Whitman's copy of the 1855 Leaves of Grass, into which he inserted a series of prose manuscripts, is now part of the Oscar Lion Collection at New York Public Library. One of four copies of the first edition in the Lion Collection, it is currently off-limits to researchers. Because of this, one must piece together information about it from the library's online catalog and from secondhand sources, including the work of Clifton Joseph Furness and Edward F. Grier, two earlier editors who had direct access to this unique copy and published editions of the manuscripts contained in it. The catalog entry (in which Whitman's copy is labelled simply "Copy 4") notes that the volume has "original pink paper covers" and contains "8 booklets of manuscripts, 52 leaves in all."
The library has created digital images of the front cover and most (though apparently not all) of the manuscript pages.
On the cover, below the title, Whitman has written, "2'd & fullest version of original Edition / 1855–'56 / (the 1st edition consisted of the Poems alone—some months afterwards the extracts &c. prefacing the text, as here, were added—making this edition)." Another note, in the hand of Horace Traubel, is written above the title. What is known about the history of Whitman's copy of the 1855 edition of Leaves of Grass comes from this note, from a brief mention in Traubel's With Walt Whitman in Camden, and from a May 12, 1928, letter from Anne Montgomerie Traubel to Oscar Lion. In a conversation with Horace Traubel in February, 1889, Whitman said that he had kept "only one copy" of the first edition, that he didn’t at the time know where it was, and that he intended for Traubel "to have it when it reappear[ed]"

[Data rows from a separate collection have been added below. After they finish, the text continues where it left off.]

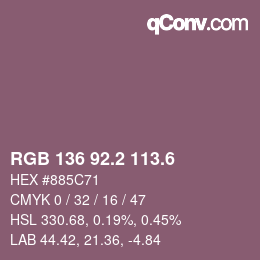 カラーコード: RGB 136 92.2 113.6 | qconv.com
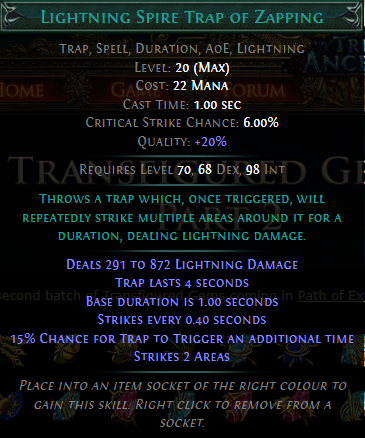 PoE Lightning Spire Trap of Zapping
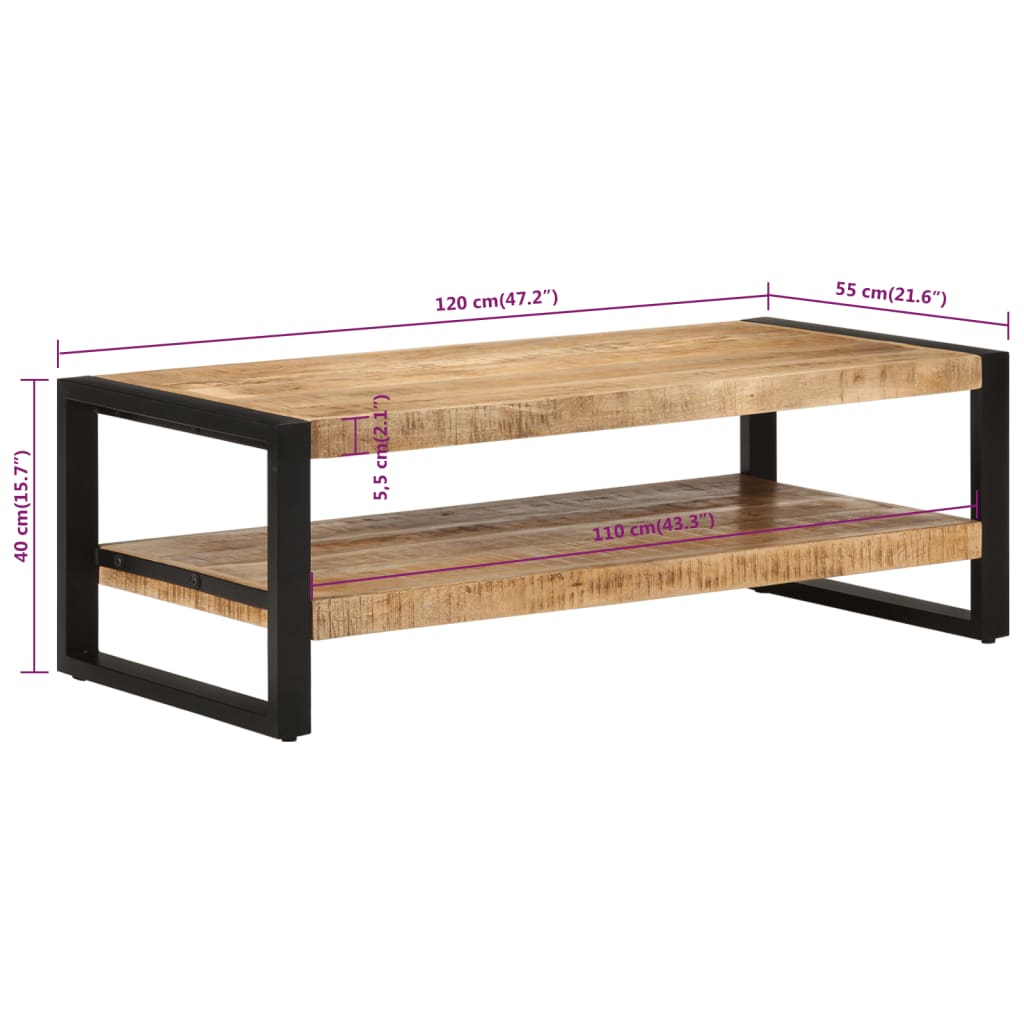 vidaXL Mesa de centro 120x55x40 cm madeira de mangueira maciça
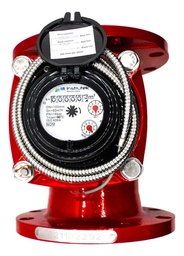 [WHDN100] Medidor de agua caliente tipo turbina, cuerpo de hierro fundido con registro hermético y transmisión magnética. Extremos en 4", bridas ANSI.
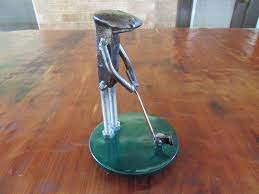 Welded Golfer Sculpture Man Playing Golf Metal Art Scrap Metal Etsy Scrap Metal Art Scrap Metal Metal Tree Wall Art
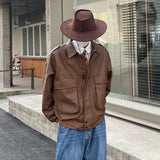 Aidase Mens Autumn Classic Retro Motorcycle Western Denim Distressed Pu Leather Jacket Korean Style Trendy Casual Jacket Unisex aidase-shop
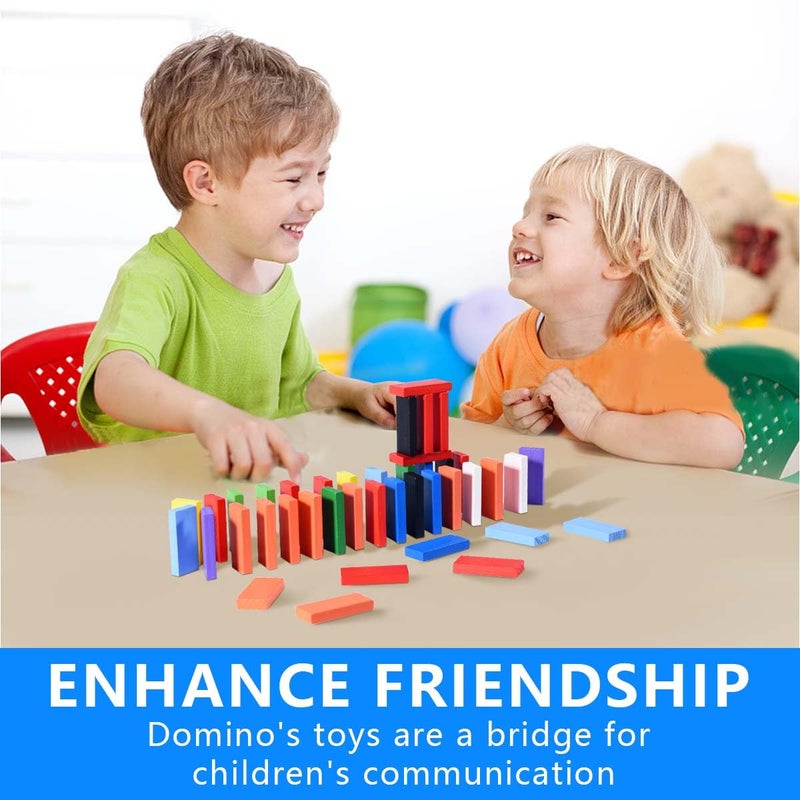 OBTANIM 600 Pcs Colorful Wooden Domino Blocks Set Tile Bulk Building Racing Stacking Games Educational Toys for Kids Birthday Party Favor - Image 5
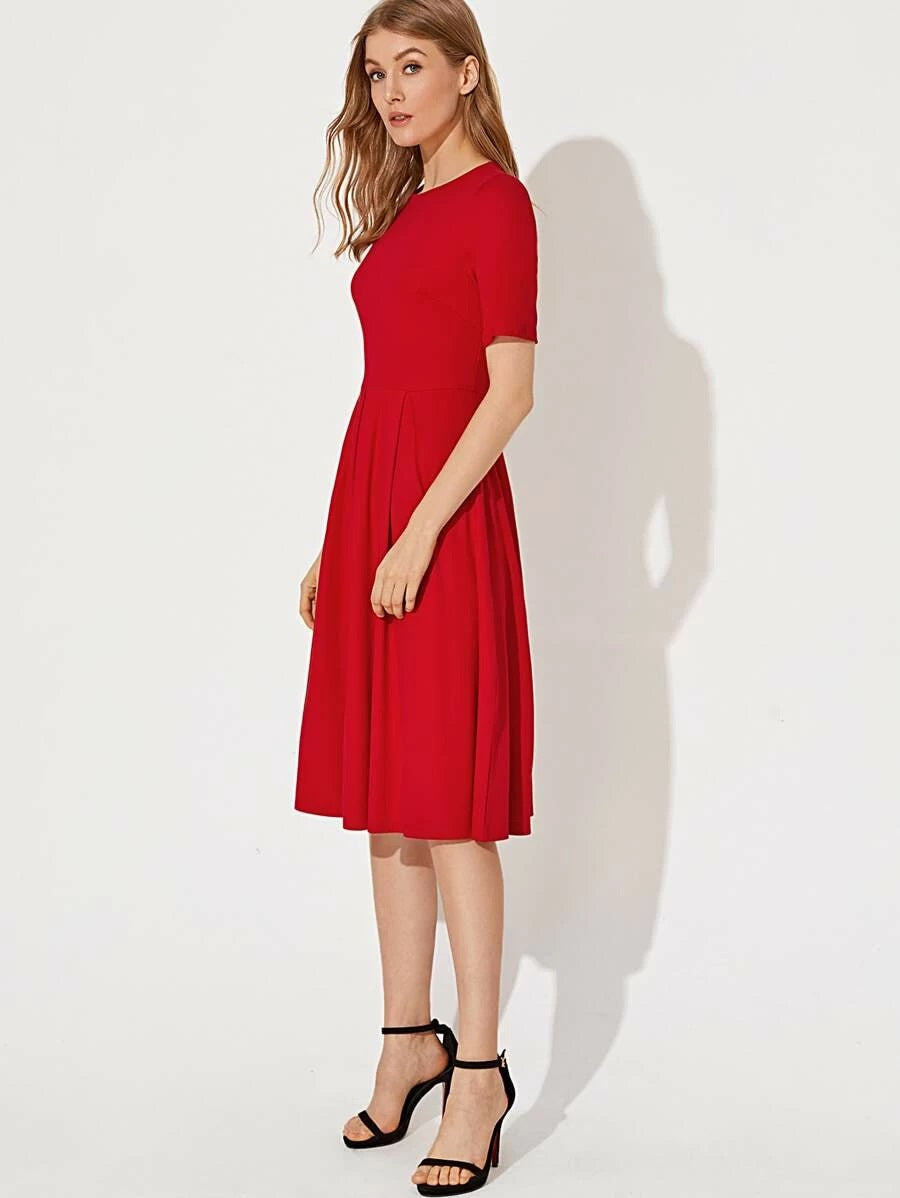 CM-DS202368 Women Casual Seoul Style Round Neck Short Sleeve Fit And Flare Solid Dress - Red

(151). According to Anne Traubel, Whitman never did find the book; it was discovered only "several years after Whitman’s death," during the division of papers among his literary executors (Furness 118-119).The manuscripts in Whitman's copy of the 1855 Leaves of Grass vary in apparent completeness, as well as in tone and implied audience. All of them, however, are written in prose and can be fairly described as providing some sort of introduction to Leaves of Grass. A few dates appear in the manuscripts, and these, along with other clues, suggested to Grier a range of dates during the 1860s. None of the manuscripts were published in Whitman's lifetime, though they share similarities with some of the poet's published statements, especially the introduction to As a Strong Bird on Pinions Free (1872).
Unfortunately, both Furness and Grier focus almost exclusively on the manuscript material; neither provides much information about the printed book into which it is fastened. This silence—along with the lack of page images or other information in the New York Public Library catalog—leaves many basic questions about Whitman's copy of the first edition unanswerable at present.